It’s tough and yet sometimes I feel as if my job is harder.
Why should writers think their lives or their jobs are any different from anyone else’s? Is there a sort of expectation of being protected, cared for, to have someone deflect the bad things for us? I thought that was reserved for Saints.
Am I some kind of masochist?
I work alone. I set my goals. I discipline myself. I pour my energies into work that I love doing more than any other work I have done including recording musicians and owning my own company.
And yet sometimes I need a pat on the head.
Am I defective? Do I ask for too much? Do I expect too much?
Why can’t I just do the work and then at the end of the day, put my feet up and relax in front of the box with a nice cup of something. It’s a job, right?
I feel like I am living the life of my dreams and yet I am not happy all the time. OK, no one is happy all the time, but I feel like I should be immune to depression and insecurity because the structure of my life is self-imposed. No one is clamoring for my next book, but I have started work on one already. I mean, if months had gone by (like in excess of 8 or so) with no output of any kind then probably I’d be hearing from my agent, but as it is, he’s awfully busy with his job and he isn’t thinking about me much at all. Oh woe again.
No one, including my agent, told me I should aim to complete two manuscripts a year. That is something I decided. I set a deadline of August for LUCKY and a deadline of January for FIERCE. No one knows about these deadlines except for me (and now you). I decide when I’m going to work and how much I’m going to work and whether I can take a flake day and just watch dvds and eat cheez-its.
Blogging twice a week? I set that.
So what about the Frustration? Disappointment in myself? The let-down after the incredible high of finishing a book? The pathetic wallowing when the words don’t come easily? Aaargh. Get over it.

It’s all my head. I do it to myself. I impose discipline, and then I guess I want a cookie afterwards, or a back massage, or acclaim, or a nice big fat publishing deal. I know it’s all about the work, the freedom to pursue it, the joy inherent in actually doing it.

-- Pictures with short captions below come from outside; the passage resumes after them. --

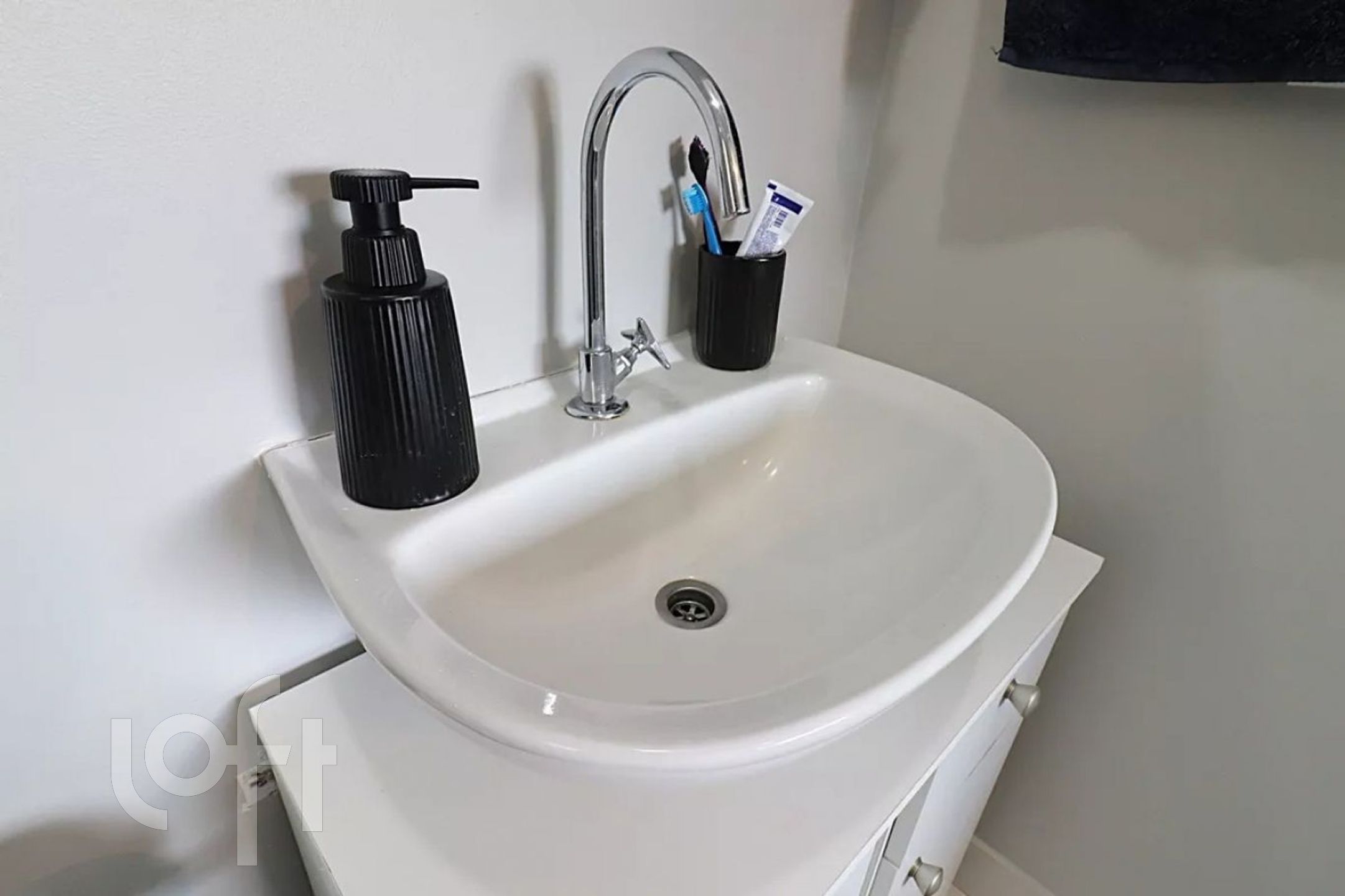 Imagem da propriedade 15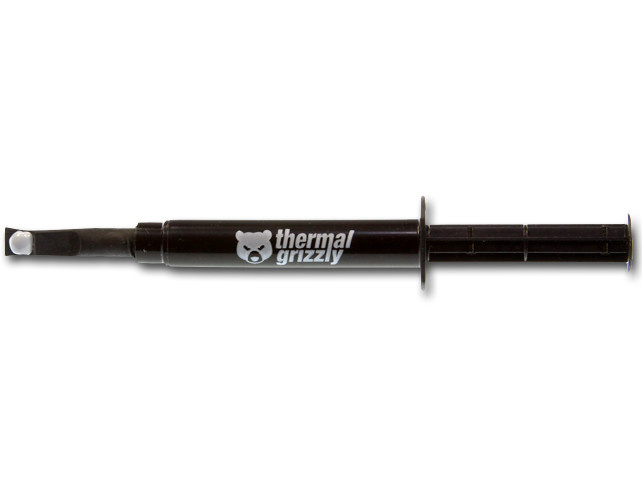 Zoom Image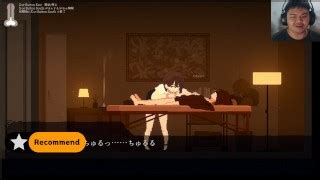 Free Hentai Pixel Art Porn Videos From Thumbzilla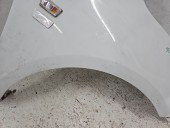 Aripa dreapta fata Opel Corsa E [Fabr 2014-prezent] GAZ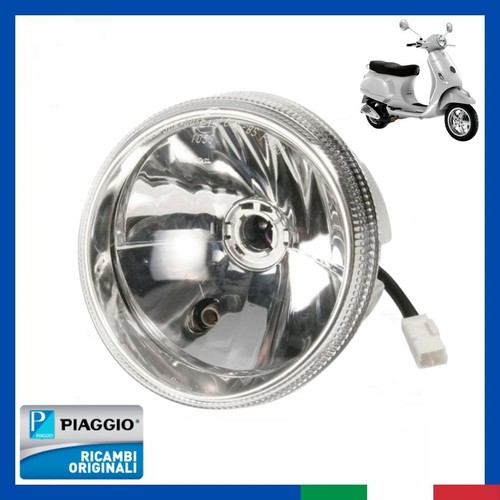 Gruppo ottico fanale - fanale, per
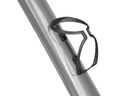Soporte TOPEAK carbon FEZA CAGE V1 black TFZ-V1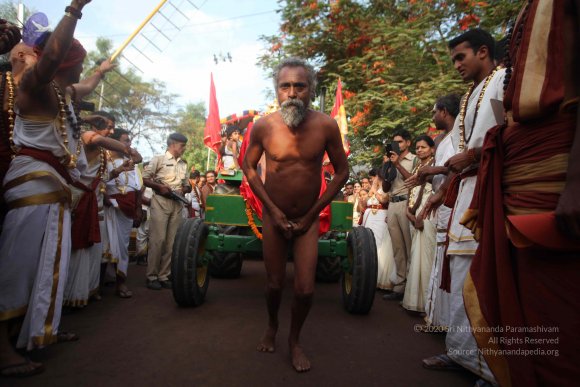 20160521_Photo_2003_IMG_9385_CMP_WM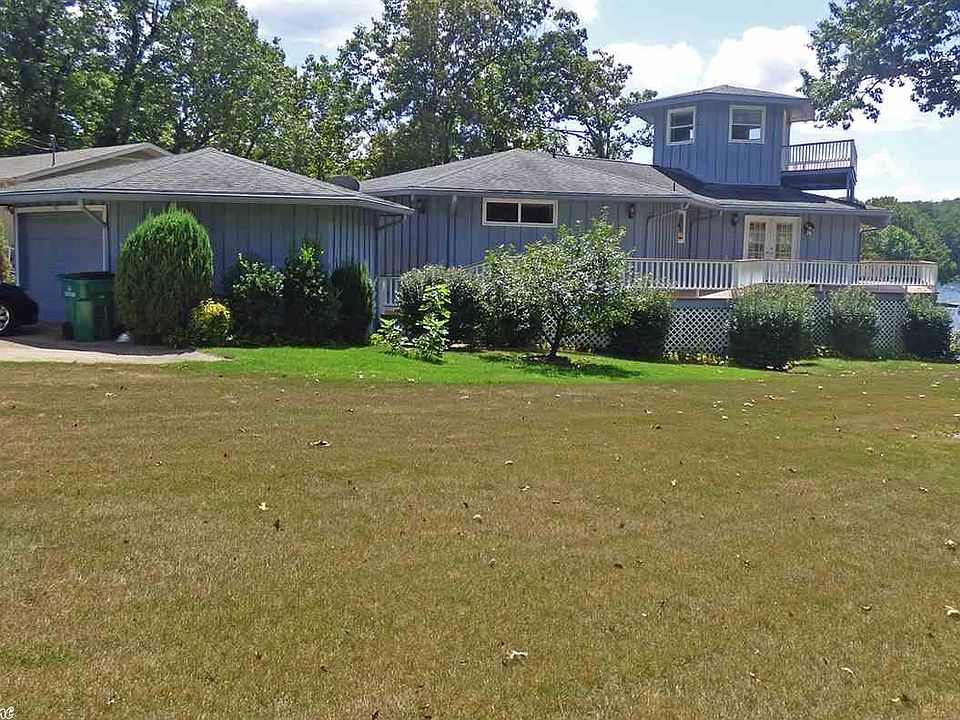 1st image of 117 Iroquois Dr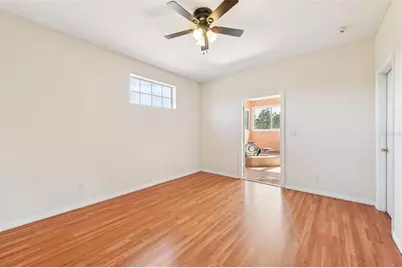 6031 Bancroft Boulevard, Orlando, FL 32833 - Photo 29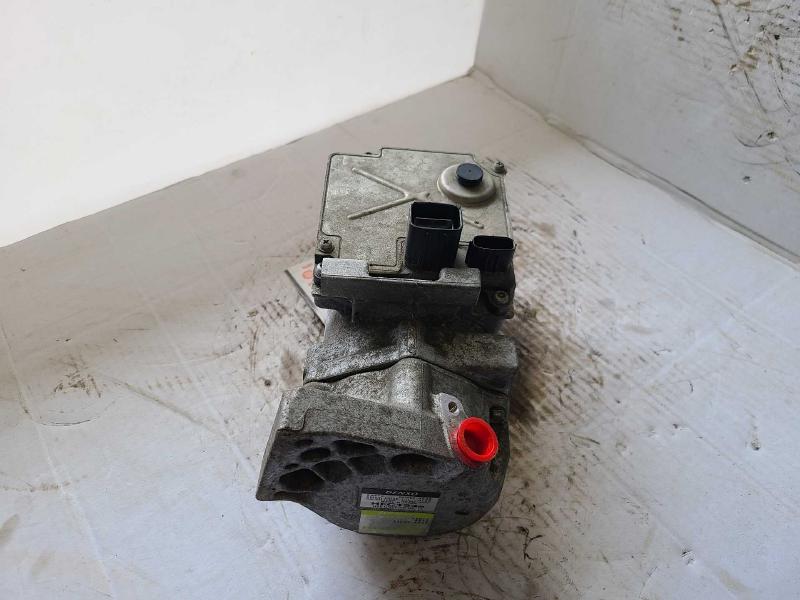 2010 Lexus HS250H A/C Air Compressor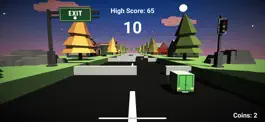 Game screenshot Tipsy Driver mod apk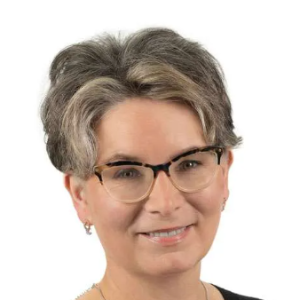 Kerry Davey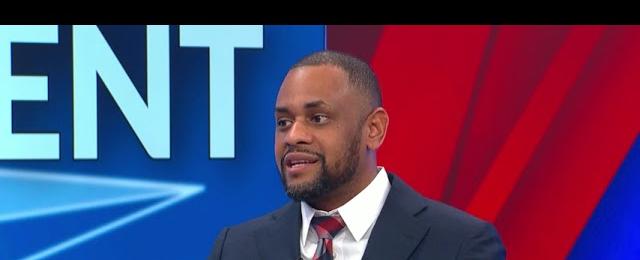 COMPASS SET 4 TAX PLANING TIPS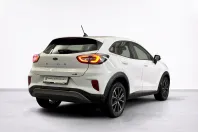 Ford Puma din 2022 cu 135.423 km - oferta FOR234554 - foto 5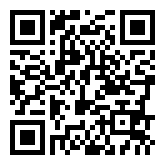 http://www.07rj.cn/post/158756.html
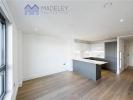 Location Appartement WEMBLEY HA0 1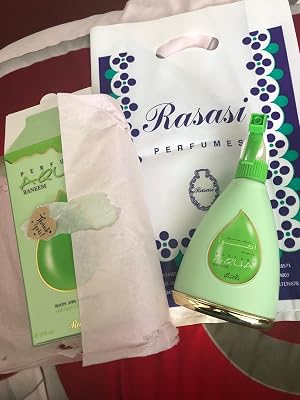 Nice packaging and fast shipping
            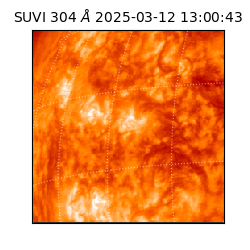 suvi - 2025-03-12T13:00:43.490000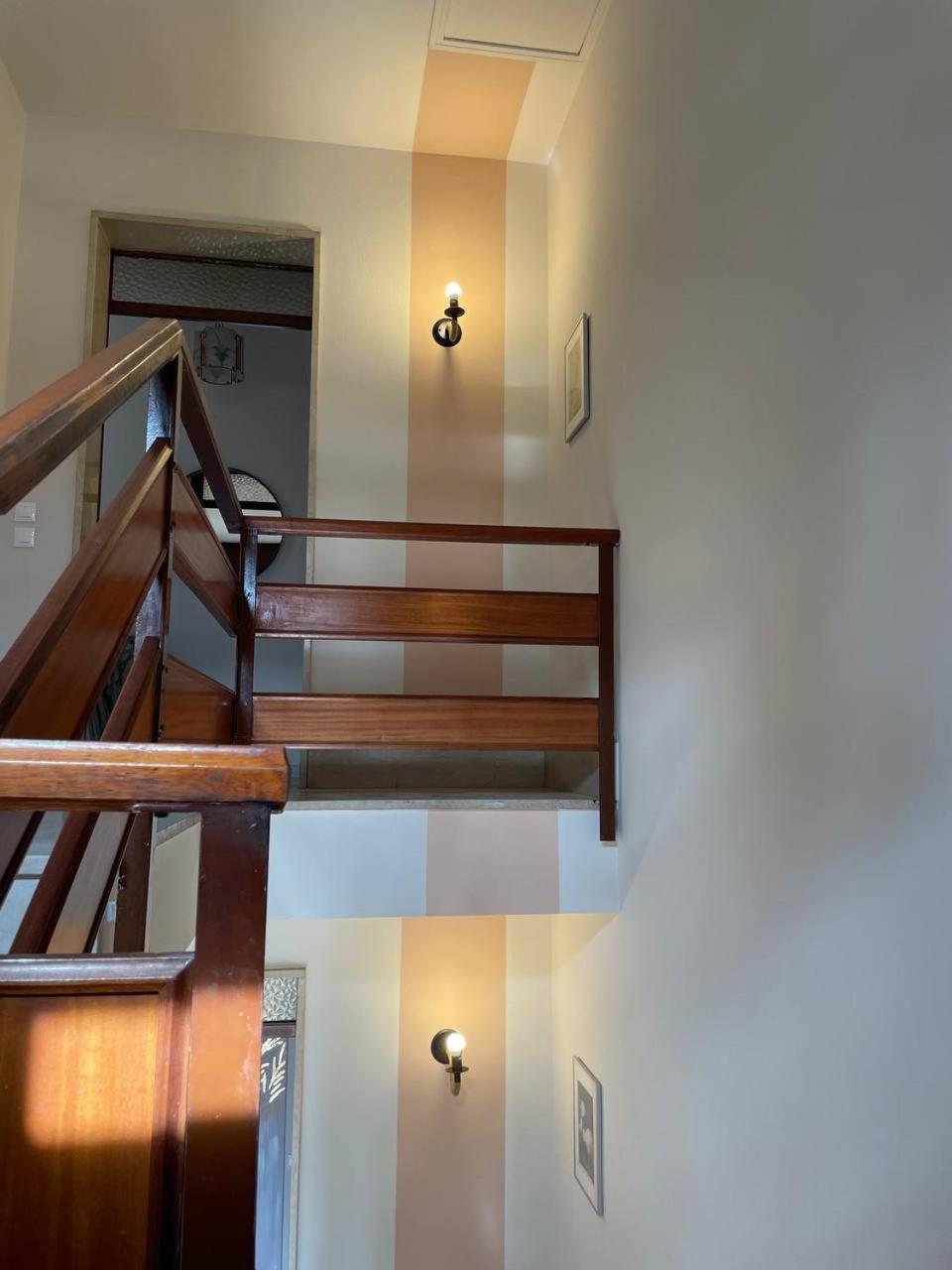 Villa 70 Peschiera del Garda Zewnętrze zdjęcie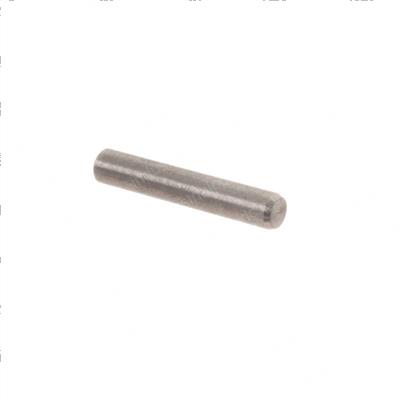 Picture of Pin Actuator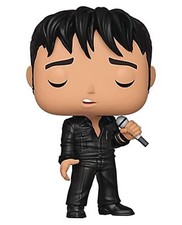 Gw0188 funko pop gebraucht kaufen  Bremen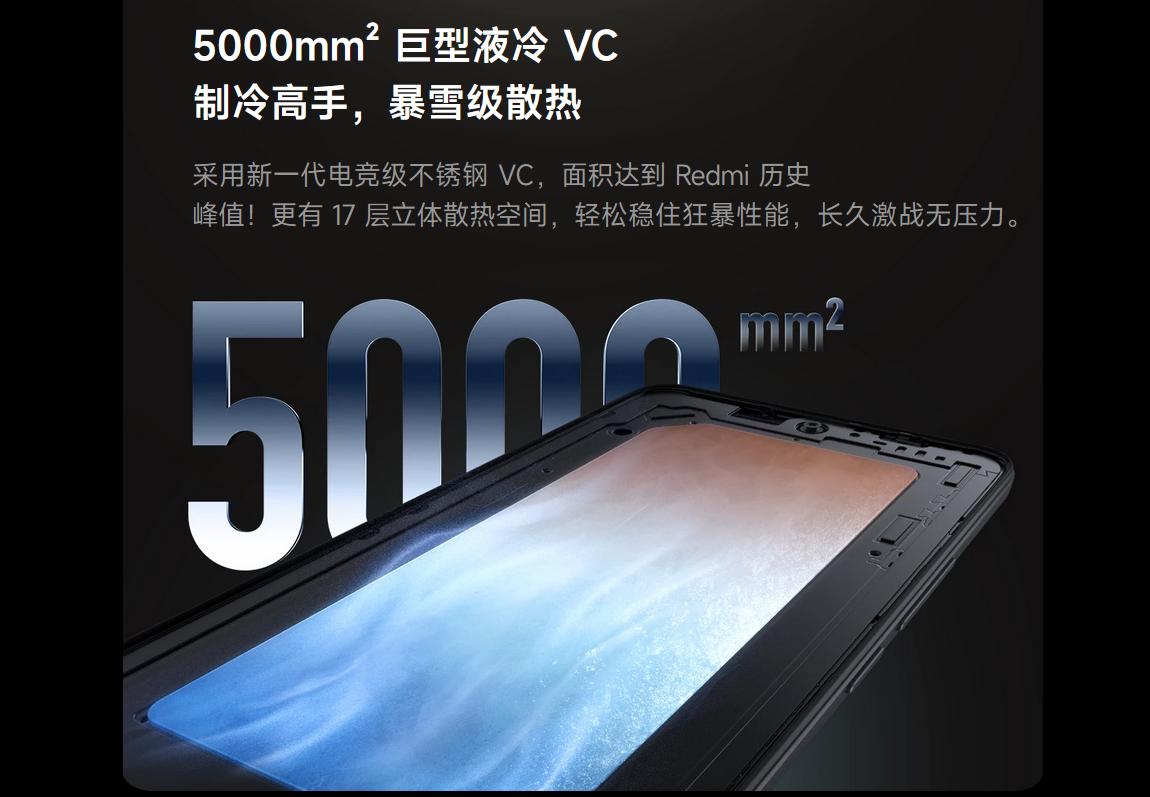 最强千元机2023,2千元机性价比高的手机排行2023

If I could just look on my work as a job, much the same as my husband’s, I would gain some perspective on it. Of course I’d still have bad days. I wouldn’t be cushioned from having to deal with the defective septic tank because unfortunately I’m the only adult who’s home during business hours.
Some of my writer friends leave their houses to work. They go to the library or the local coffee shop. They distance themselves from all the daily life stuff but I like being here. I like looking out the window at a familiar landscape, and I like being steps away from my work center, with my reference books close by.
Working from home always causes you problems. Either you don’t do enough or you do too much. There’s seems to be no sensible middle-line. There are times when I think of nothing but the story I’m writing. I realize that I haven’t had any conversations with my husband except for a few sentences in my head, as in, “remember to tell dear husband that we are out of cheese,” and the thoughts just waft in and then waft back out again and it’s only a few days later when I’m trying to shove together a quick dinner of grilled cheese sandwiches that I realize our conversation never happened.
Apparently there is a cook-mother-wife JO and a writer-story-teller-masochist JO and ne’er the twain shall meet.
Georgette Heyer has a wonderful depiction of a poet in, I believe, The Grand Sophy. His name is Augustus Fawnhope and he is lovely to look at it in that Lord Byron sort of a way- firmly molded lips and curly, wind-blown hair- but he is useless if you need a chicken caught for dinner or help over a fence. If you want someone to write a sonnet to your nose, he is definitely the guy.
I’m not an Augustus Fawnhope by any means, but I do understand the desire to just give oneself over to the muse (not to mention wallow in the frenetic despair and hopefulness that are part of being published) and forget all about the mundanity of daily life. Let someone else remember to do the laundry and figure out how to feed an incredibly picky child when there is nothing in the house but dried beans, bread and one hot dog.